Matrices have an obvious notion of size, but we need two numbers to describe it: the number of rows and the number of columns. Again, by convention we always list number of rows first. For example, matrix \(A\) of Discovery 4.2 is size \(2 \times 3\text{,}\) meaning it has \(2\) rows and \(3\) columns. For a square matrix, the two numbers describing the size of \(A\) are equal, so we might just say that a square matrix \(A\) has size \(n\) to mean it is \(n\times n\text{.}\)

Subsection 4.3.3 Matrix equality

In Discovery 4.2, you explored what it means for two matrices to be equal. In algebra involving numbers, we write \(a=b\) when variables \(a\) and \(b\) represent the same number. That is, \(a\) and \(b\) are equal when they represent the same piece of information. Similarly, two “variable” matrices are equal when they represent the same information. In particular, two matrices are equal when they have the same numbers in corresponding entries. But size is also important here: in Discovery 4.2, matrix \(D\) can never be equal to matrix \(A\) no matter what value we choose for variable \(x\text{,}\) because \(A\) will always contain more information than \(D\) in its extra third column. So even before we compare entries, we require equal matrices to have the same size.

Subsection 4.3.4 Basic matrix operations

In Discovery 4.3, you probably decided that addition and subtraction of matrices should be carried out in the obvious ways: we should just add or subtract corresponding entries. See Example 4.4.1 and Example 4.4.2.

For matrices that have different sizes, it may be tempting to “fill out” the smaller matrix with zeros so that it can be added to the larger. But this would add more information to the smaller matrix that it's not supposed to have, creating a different matrix prior to the addition. So we should resist this temptation; we will only ever add or subtract matrices that have the same size, and addition/subtraction of matrices of different sizes will remain undefined.

When we multiply a number \(a\) by \(2\) to get \(2a\text{,}\) we are doubling the value of \(a\text{.}\) In other words, we are scaling \(a\) by a scale factor (or scalar) of \(2\text{.}\) Similarly, we can use a scalar to “scale” a matrix by multiplying every entry in the matrix by that number. If \(A\) is a matrix and \(k\) is a scalar (i.e. a number), then \(kA\) is the scalar multiple of \(A\) by \(k\text{.}\) See Example 4.4.3.

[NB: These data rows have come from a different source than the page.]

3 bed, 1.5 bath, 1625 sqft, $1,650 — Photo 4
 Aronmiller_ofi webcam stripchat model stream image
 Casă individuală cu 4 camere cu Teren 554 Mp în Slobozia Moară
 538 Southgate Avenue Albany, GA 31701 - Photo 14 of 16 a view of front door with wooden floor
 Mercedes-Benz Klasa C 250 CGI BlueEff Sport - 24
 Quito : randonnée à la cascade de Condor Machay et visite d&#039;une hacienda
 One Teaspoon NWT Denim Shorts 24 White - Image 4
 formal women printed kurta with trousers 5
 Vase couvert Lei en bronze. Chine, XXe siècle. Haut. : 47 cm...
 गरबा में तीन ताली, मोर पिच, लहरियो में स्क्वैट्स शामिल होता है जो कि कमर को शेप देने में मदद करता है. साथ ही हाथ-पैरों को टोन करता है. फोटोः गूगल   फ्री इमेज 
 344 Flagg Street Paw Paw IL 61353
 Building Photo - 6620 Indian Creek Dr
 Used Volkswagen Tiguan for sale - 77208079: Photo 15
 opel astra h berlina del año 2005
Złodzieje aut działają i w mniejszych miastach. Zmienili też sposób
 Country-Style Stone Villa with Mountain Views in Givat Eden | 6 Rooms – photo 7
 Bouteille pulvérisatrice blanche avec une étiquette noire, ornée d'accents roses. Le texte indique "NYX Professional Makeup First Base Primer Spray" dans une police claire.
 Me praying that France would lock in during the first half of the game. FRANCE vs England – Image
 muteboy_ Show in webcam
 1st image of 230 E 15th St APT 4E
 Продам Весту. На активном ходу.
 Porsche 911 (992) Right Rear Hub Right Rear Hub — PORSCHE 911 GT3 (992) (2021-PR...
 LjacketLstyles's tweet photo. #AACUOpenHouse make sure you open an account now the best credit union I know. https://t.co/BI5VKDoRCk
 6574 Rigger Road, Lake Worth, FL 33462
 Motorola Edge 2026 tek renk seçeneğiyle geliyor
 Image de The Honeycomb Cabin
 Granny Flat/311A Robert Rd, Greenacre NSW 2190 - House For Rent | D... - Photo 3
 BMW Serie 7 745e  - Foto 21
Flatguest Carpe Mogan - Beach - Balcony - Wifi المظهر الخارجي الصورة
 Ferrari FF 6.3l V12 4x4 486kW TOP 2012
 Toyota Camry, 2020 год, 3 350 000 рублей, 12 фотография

Subsection 4.3.5 The zero matrix

The number zero plays a special role with respect to addition of numbers: it is the only number that has no effect when it is added to another number. For addition of matrices of a particular size, there is only one kind of matrix that has the same effect: a matrix filled with all zeros. We call such a matrix the zero matrix, and write \(\zerovec\) to represent it.

Remark 4.3.1.

There are many zero matrices, one of every possible size of matrix. However, we still often say the zero matrix, because we are usually referring to the zero matrix of a particular size.

The zero matrix will allow us to do the matrix version of the algebra in the preamble to Discovery 4.4, since subtracting a matrix from itself will obviously result in the zero matrix. For more properties of the zero matrix, see Proposition 4.5.1 in Subsection 4.5.1.

Subsection 4.3.6 Linear systems as matrix equations

Consider the system in Task b of Discovery 4.5:

\begin{align} \left\{\begin{array}{rcrcrcr} x_1 \amp - \amp 3 x_2 \amp - \amp x_3 \amp = \amp -4 \text{,} \\ -2 x_1 \amp + \amp 7 x_2 \amp + \amp 2 x_3 \amp = \amp 9 \text{.} \end{array}\right.\label{equation-matrix-ops-concepts-system-convert-matrix-eqn}\tag{\(\star\)} \end{align}

We would like to replace these two equations by a single matrix equation, which is easy enough to do:

\begin{gather} \left[\begin{array}{c} x_1 - 3 x_2 - x_3 \\ -2 x_1 + 7 x_2 + 2 x_3 \end{array}\right] = \left[\begin{array}{r} -4 \\ 9 \end{array}\right]\text{.}\label{equation-matrix-ops-concepts-system-as-equal-cols}\tag{\(\star\star\)} \end{gather}

Note that both of these column matrices are \(2 \times 1\) matrices — even though the entries of the left-hand matrix seem to contain a lot of numbers, each row has only a single entry because these formulas are calculation recipes that compute a single number out of several numbers, some known and some unknown.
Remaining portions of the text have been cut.